-- Material for this exercise --
⟨

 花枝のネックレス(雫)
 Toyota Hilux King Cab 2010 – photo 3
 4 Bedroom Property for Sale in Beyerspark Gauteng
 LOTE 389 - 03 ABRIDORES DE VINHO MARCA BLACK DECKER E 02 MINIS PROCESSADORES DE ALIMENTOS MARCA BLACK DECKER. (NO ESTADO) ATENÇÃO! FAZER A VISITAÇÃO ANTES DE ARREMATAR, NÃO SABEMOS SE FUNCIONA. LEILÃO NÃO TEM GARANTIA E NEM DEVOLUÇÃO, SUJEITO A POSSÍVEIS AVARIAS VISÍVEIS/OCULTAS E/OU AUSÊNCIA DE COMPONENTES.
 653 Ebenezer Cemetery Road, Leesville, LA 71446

⟩
⟨

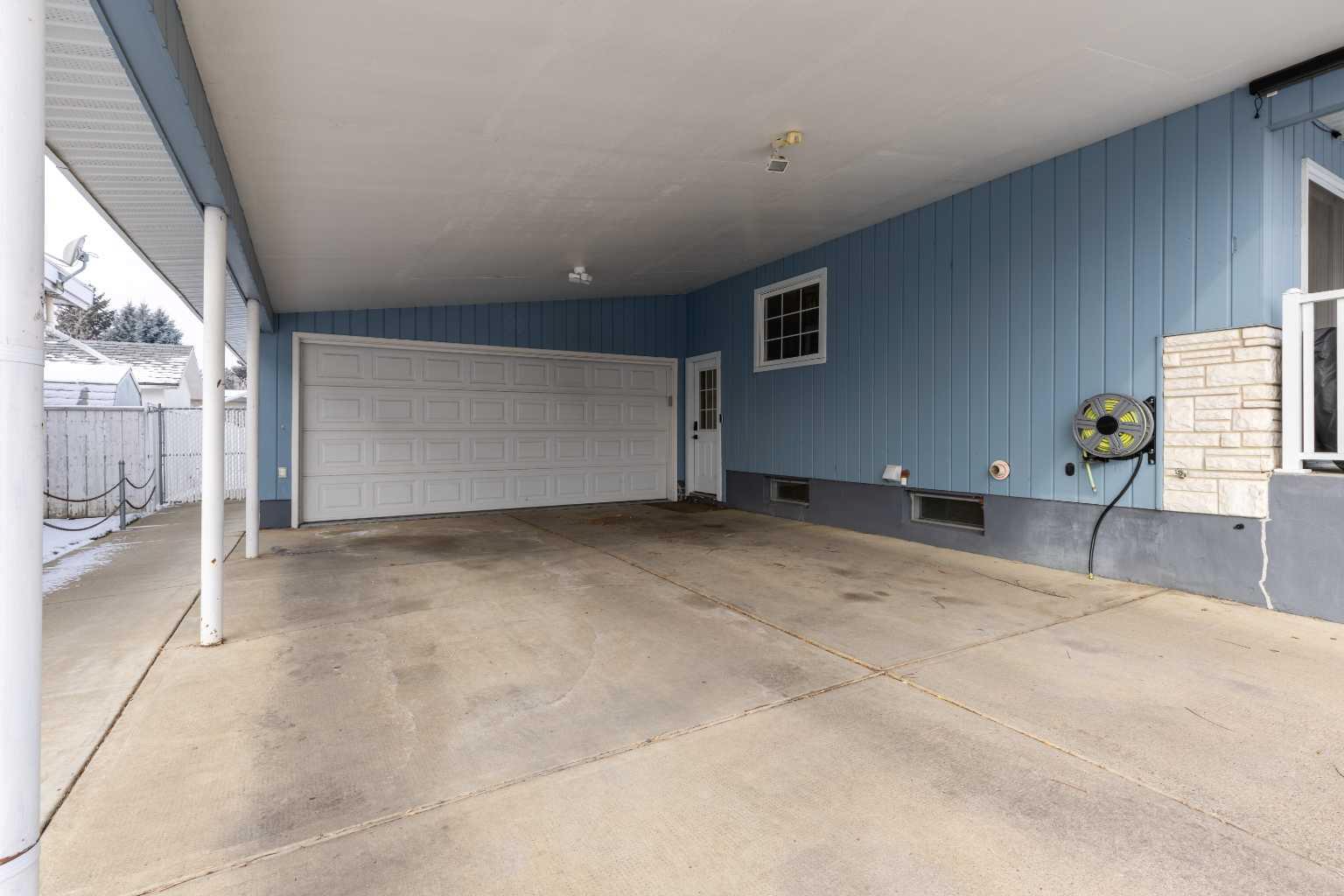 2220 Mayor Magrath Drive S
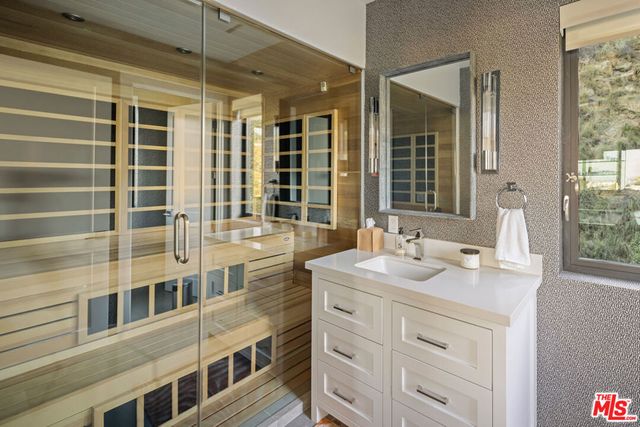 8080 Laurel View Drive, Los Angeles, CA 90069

⟩

-- Brief --
Looking at the data above, return every line from the one with "Toyota Hilux King Cab 2010 – photo 3" down to the one with "4 Bedroom Property", exactly and inclusively.

-- Task answer --
 Toyota Hilux King Cab 2010 – photo 3
 4 Bedroom Property for Sale in Beyerspark Gauteng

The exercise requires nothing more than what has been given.